Ce report éventuel est actuellement étudié. En attendant le résultat de ces élections, les conseillers élus dans le cadre des deux départements alsaciens continueront à « cohabiter » dans une même assemblée. Le conseil élu en Mars désignera son président (ou sa présidente) et aura, en marge du choix du siège définitif qui devra être concrétisé d’ici au 30 Juin 2021, à trancher le point de savoir si cette désignation vaudra pour les six ans du mandat départemental ou si elle sera tournante (tous les deux ans ?). En attendant, c’est le préfet du Bas-Rhin, chargé de ce qu’on appelle le contrôle de légalité, qui sera, côté Etat, l’interlocuteur du conseil de la CEA dont l’adresse sera celle du conseil départemental du Bas-Rhin (Place du Quartier Blanc).

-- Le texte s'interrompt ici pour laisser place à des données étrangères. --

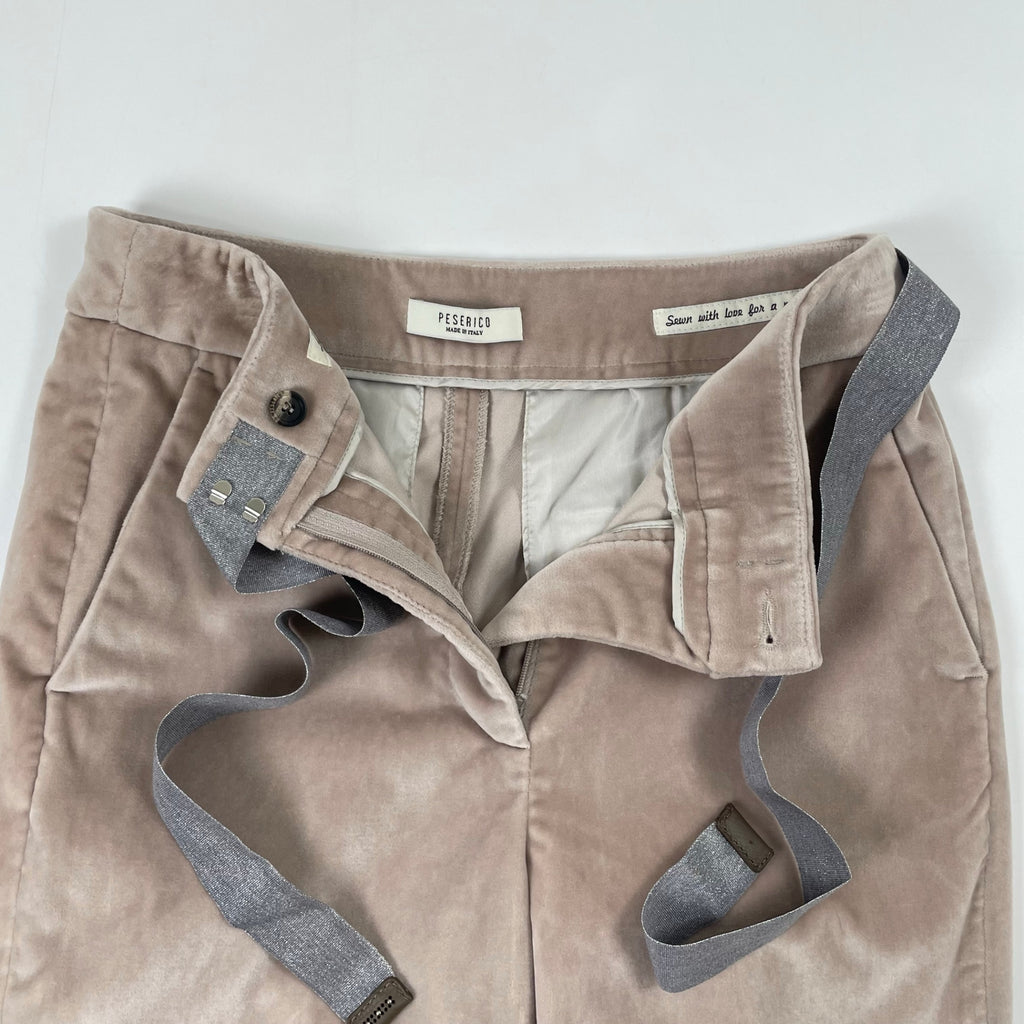 PESERICO / リボンデザインベロアパンツ 参考定価：85,000程度 SIZE:42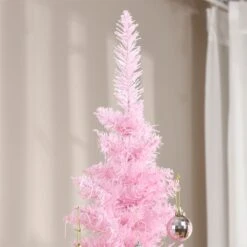 HomCom 7-ft Leg Base Pencil Pine Pink Artificial Christmas Tree -Northlight Sales Store 331058287 AlternateImage3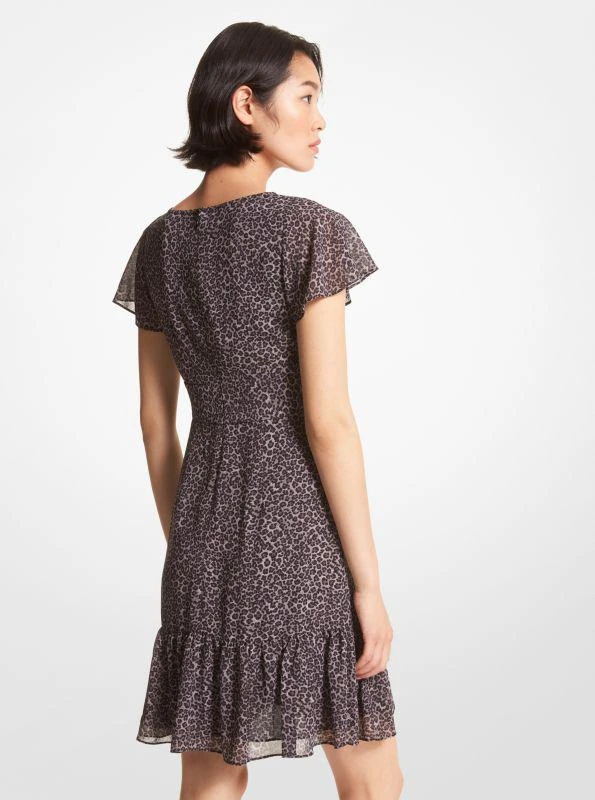 商品Michael Kors|Leopard Georgette Cutout Mini Dress,价格¥291,第2张图片详细描述
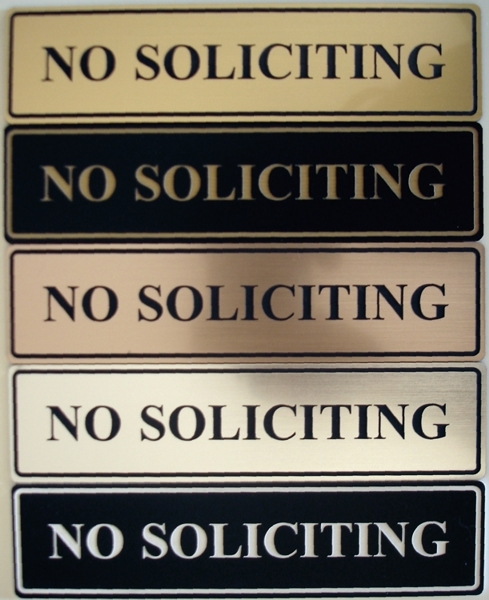NO SOLICITING Sign / Plaque Laser Engraved From Quality Outdoor Signage Material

Voici venir les conseillers d’Alsace. – Les « conseillers d’Alsace » (ce sera leur titre officiel) auront à harmoniser les budgets définis, dès cette année, dans le cadre des départements actuels : ce budget à hauteur de la nouvelle collectivité devra être opérationnel d’ici au 31 Mai 2021. Le statut et la rémunération des agents salariés dans les deux départements du Haut-Rhin et du Bas-Rhin devront être harmonisés d’ici au 1er Juillet 2022 au plus tard : les distorsions existant dans ce domaine entre les deux départements actuels avaient conduit un syndicat (FO) à demander un report de fusion, idée que le Président du Bas-Rhin, arguant des progrès déjà réalisés dans la concrétisation des rapprochements entre le deux départements, avait repoussé.

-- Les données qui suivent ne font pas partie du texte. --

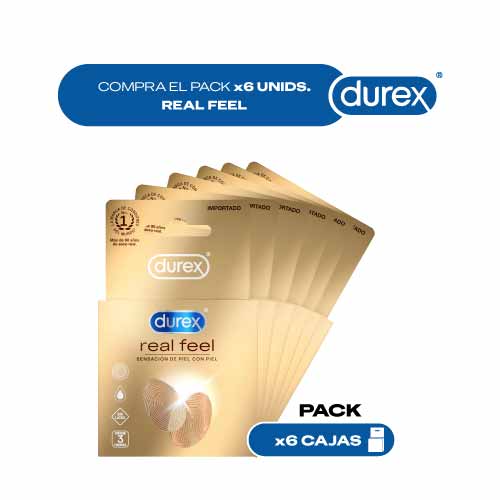 Pack x6 cajas Durex Real Feel x 3unid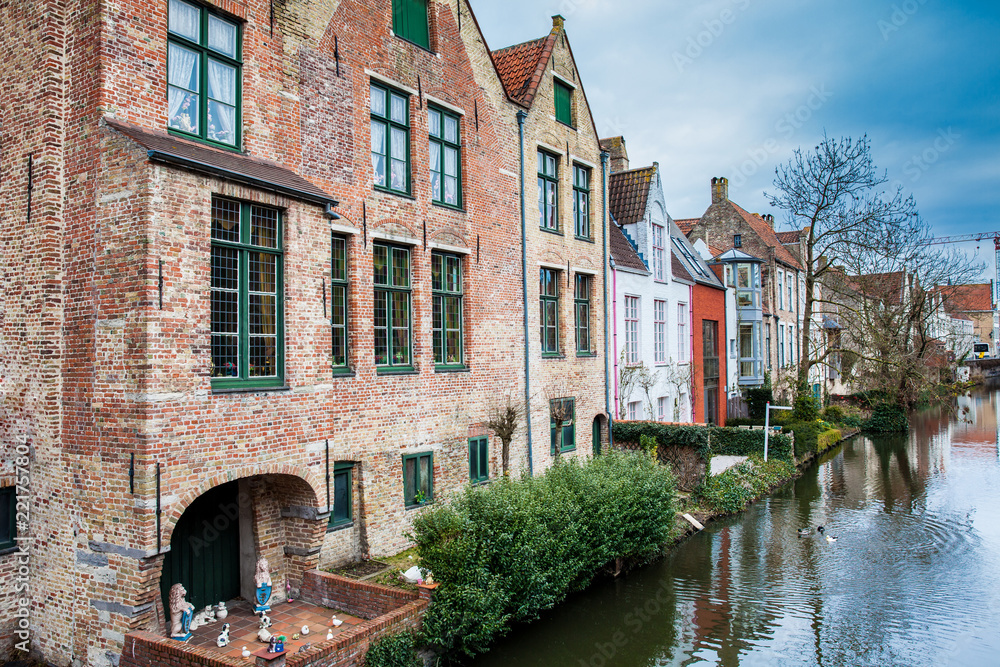 Canals of the historical and beautiful Bruges town in Belgium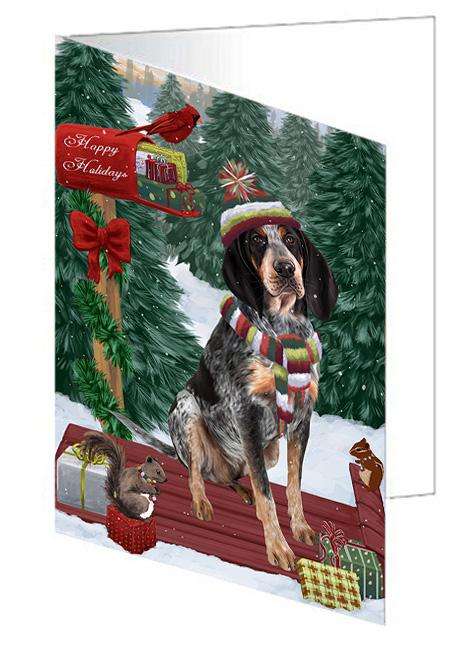 Merry Christmas Woodland Sled Bluetick Coonhound Dog Handmade Artwork Assorted Pets Greeting Cards and Note Cards with Envelopes for All Occasions and Holiday Seasons GCD69089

Le conseil des Ministres du 28 Octobre a définitivement ouvert la voie à la « Collectivité Européenne d’Alsace » qui reprendra les compétences qu’exerçaient jusqu’ici les deux départements en y ajoutant des spécificités. Elle aura des compétences dans le développement de l’enseignement de la langue régionale (dialecte alsacien et allemand écrit) : elle pourra recruter des enseignants pour promouvoir cette tâche.

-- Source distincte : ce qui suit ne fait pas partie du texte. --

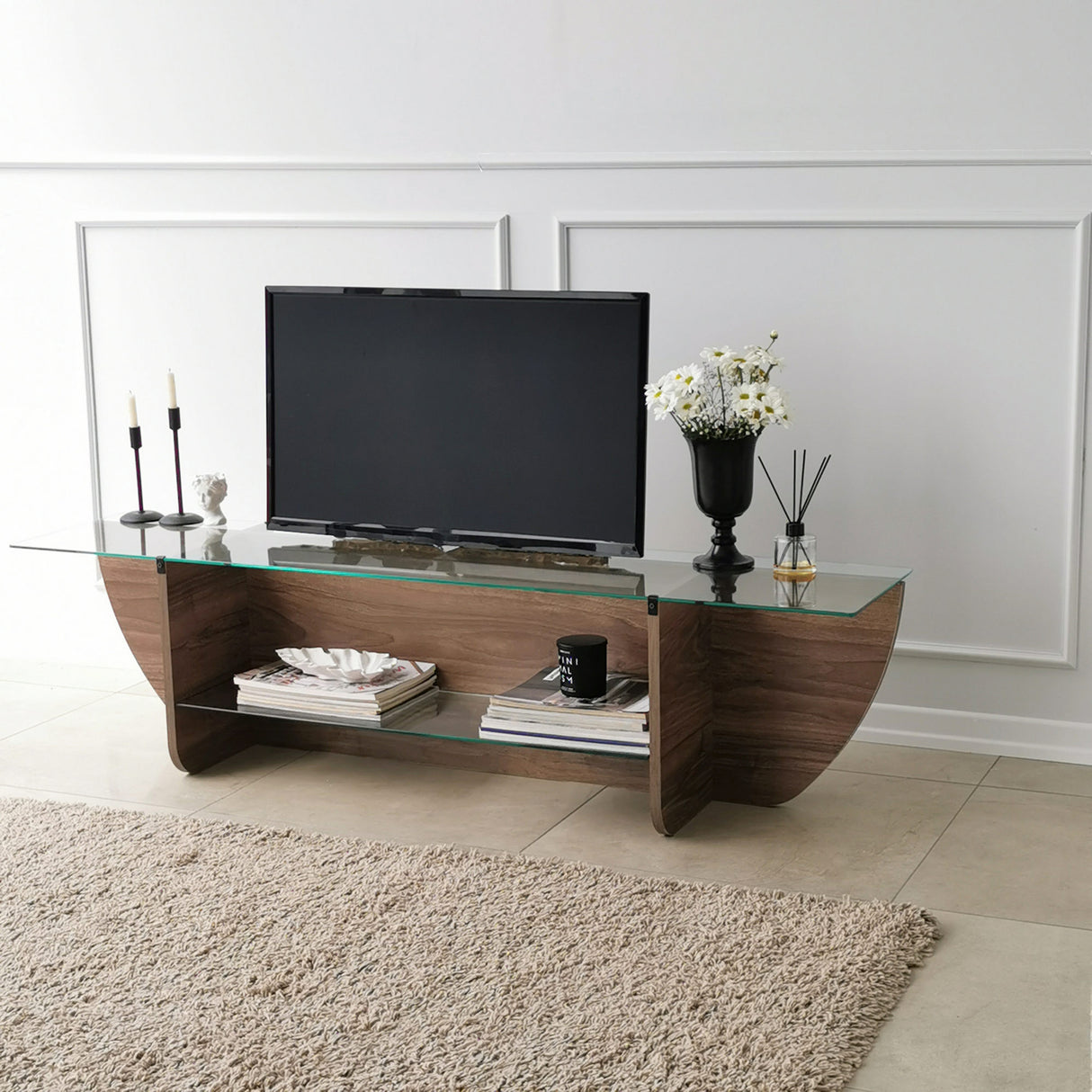 TV Meubels - TV Meubel Lily TV Walnoot Glas 158x40x35 cm - Dimehouse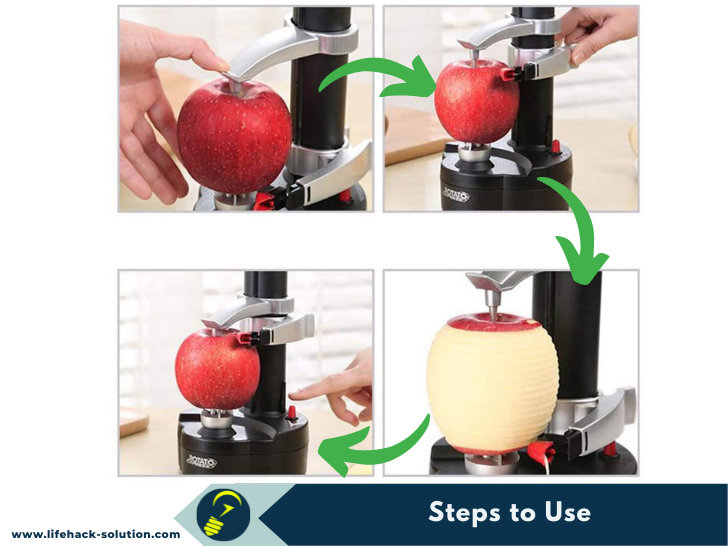 steps to use automatic fruit peeler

Enfin un coordinateur pour le transfrontalier ? – Il pourra prendre des initiatives pour la promotion de la culture régionale et la valorisation du patrimoine et il aura vocation à développer le tourisme sur le territoire national et à l’étranger.

Il sera le « chef de file » de la coopération transfrontalière et définira un « schéma de développement » de ces relations. Trouvera-t-on enfin, avec la CEA, cette instance de coordination d’initiatives trop souvent disparates et peu efficaces qui pèsent sur la coopération de l’Alsace avec ses voisins allemands et suisses ? Les services de l’Etat, laisseront-ils à la nouvelle collectivité la marge d’action nécessaire à la concrétisation des ambitions régionales dans le transfrontalier ? La CEA est un pari : il faudra qu’elle trouve sa place entre les institutions locales/communales, la Région Grand Est, l’Etat. Elle ne pourra pas se contenter d’être une… structure de plus !

(1) Voir eurojournalist.eu du 22.10.2019.

(2) Voir eurojournalist.eu du 11.08.2020.